Kann man sich aber auch einfach ersparen, indem man die Signatur ganz einfach sichert und auf dem neuen Server einspielt. Siehe: /opt/psa/admin/htdocs/bu_pubkey.txt
Somit dürften zuvor mit PLESK erstellte Backups keine Probleme mehr verursachen.

Danke für den Tipp, leider fand ich über den pubkey keinerlei Informationen daher war er mir völlig fremd.

Ich werde das ganze heute Abend mal lokal in einer Vmware testen.

Danke und viele Grüße
 
Was sagt denn die Logdatei?
Noch ein Hinweis: Es ist oftmals Hilfreich, wenn man die Option verbose nutzt, sowie den Restore Vorgang in einem screen startet.
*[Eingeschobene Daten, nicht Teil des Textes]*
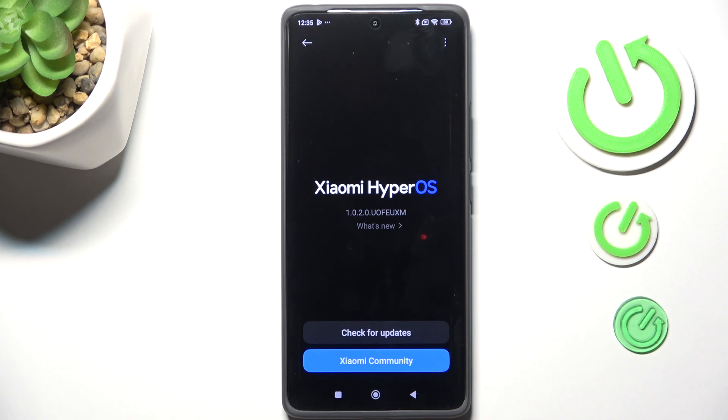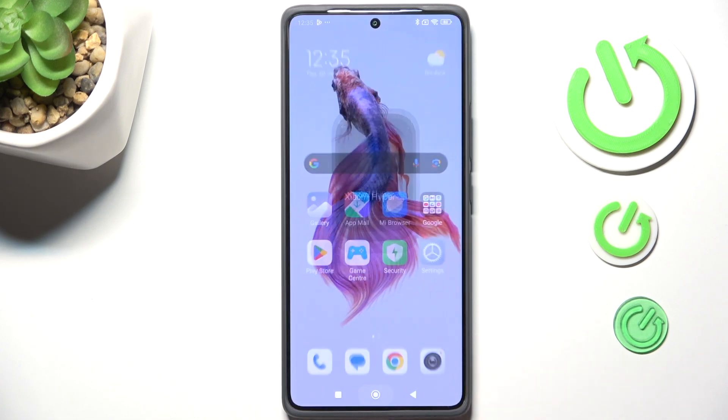The second scenario is where your device actually finds an update. It will show you information about what has been fixed and what has been added. You'll then be able to tap 'Download' or 'Install' and your device will update the system.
So kann man recht einfach auf den Prozess zurückwechseln, falls die Internetverbindung getrennt wurde etc.
 
@ Germeshausen.de, es ging um ein vergangenes Problem welches hochkam als ich die Pleskbackupfunktion kritisierte :)
 
Naja Plesk hat schon seine Schwächen, keine Frage.
Ich halte es auch für übertrieben diese Vielzahl von Distrubutionen zu ünterstützen. Höchstwahrscheinlich würden sich dadurch auch noch Fehler begrenzen lassen.
Ich muss auch sagen, das ein Plesk update immer kritisch ist.
Noch nie habe ich den Update Button ohne Gedanken an das was schief gehen könnte gedrückt.